December 19, 2011
In advance of an EU auction of permits in the New Year and huge wheat volumes expected in January, Spanish importers have begun to ship Ukrainian feed wheat, port and trade sources said in the major grain-buying country.
In January, Brussels is due to call for bids to import some 1.6 million tonnes of low- and medium-quality wheat in the first half of 2012 from origins other than Canada or the US under the so-called tariff-rate quota (TRQ) scheme.
Spanish dealers tend to use TRQ permits to import feed wheat from Ukraine to fill a structural cereal shortfall in Spain of at least seven million tonnes a year. A ship carrying 49,500 tonnes of feed wheat from Ukraine docked in Spain's leading grains port, Tarragona, on Friday (Dec 16).
"It hasn't been customs cleared. It'll stay in a customs warehouse until it gets clearance in the New Year," a port source said.
The source estimated some 300,000 tonnes of feed wheat would land in Tarragona in January, mostly from Ukraine, but also from its Black Sea neighbours Bulgaria and Romania, with maybe an additional small amount from Russia.
"In January there'll be a fight to see who can get in first and grab space to land merchandise within cost," he said.
Spain's physical wheat market has slowed down in recent weeks as dealers await TRQ imports, for which the EU will extend a current waiver on the usual levy until June 2012.
"All eyes are now on feed wheat due to arrive in ports from January onwards (the famous zero-levy quota), and forward covering revolves around it," a report from the Mercolleida grain exchange said.
January-March feed wheat has been trading at a discount to prompt delivery in Tarragona for several weeks because it is priced on TRQ imports.

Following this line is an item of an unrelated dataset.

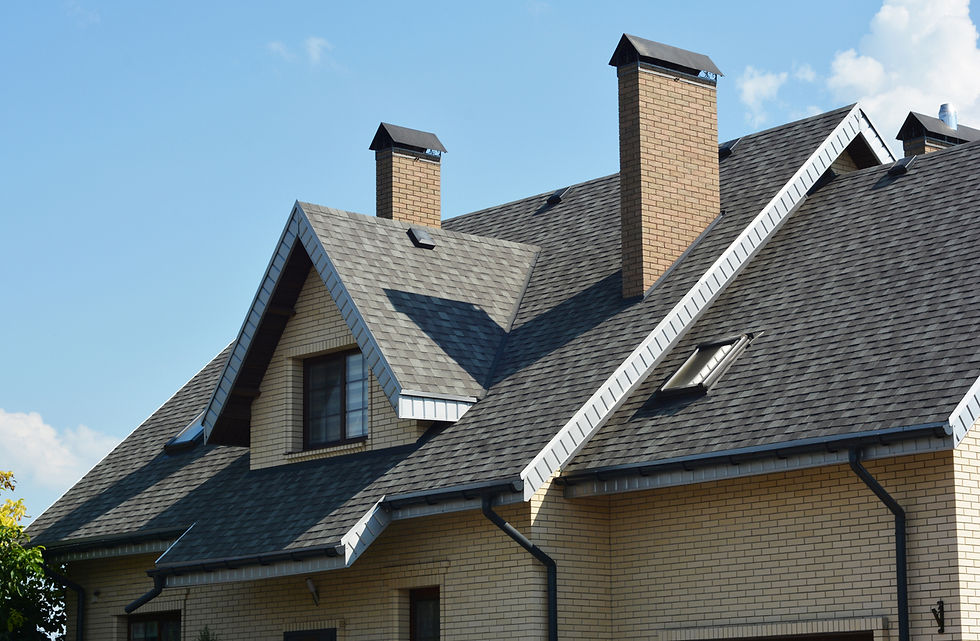 Brick house with grey shingled roof, skylights, and chimneys against a blue sky. Bright, sunny day with a few clouds.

Just 8,000 tonnes of wheat has landed in Tarragona this month, from Bulgaria, a favoured origin since it joined the EU in 2007 and imports have been duty free.
Meanwhile, animal feed makers have been buying mainly corn and three cargoes of 25,000 tonnes each are due in Tarragona this month, from Ukraine.
Ukraine has recently been the origin of choice for corn, although dealers said a recovery in water levels on the Danube could draw imports in the New Year from a bumper crop in Hungary.
The roster for Spain's second-most important grain port, Cartagena, showed 25,600 tonnes of Brazilian corn unloading, and 8,000 tonnes of Ukrainian wheat.
Estimated corn stocks in Tarragona have dwindled to 20,000 tonnes, although 150,000 tonnes of wheat are also left in port silos while loadings are around 11,000 tonnes a day.
"Stocks are tight, but they should last until the New Year," the port source said.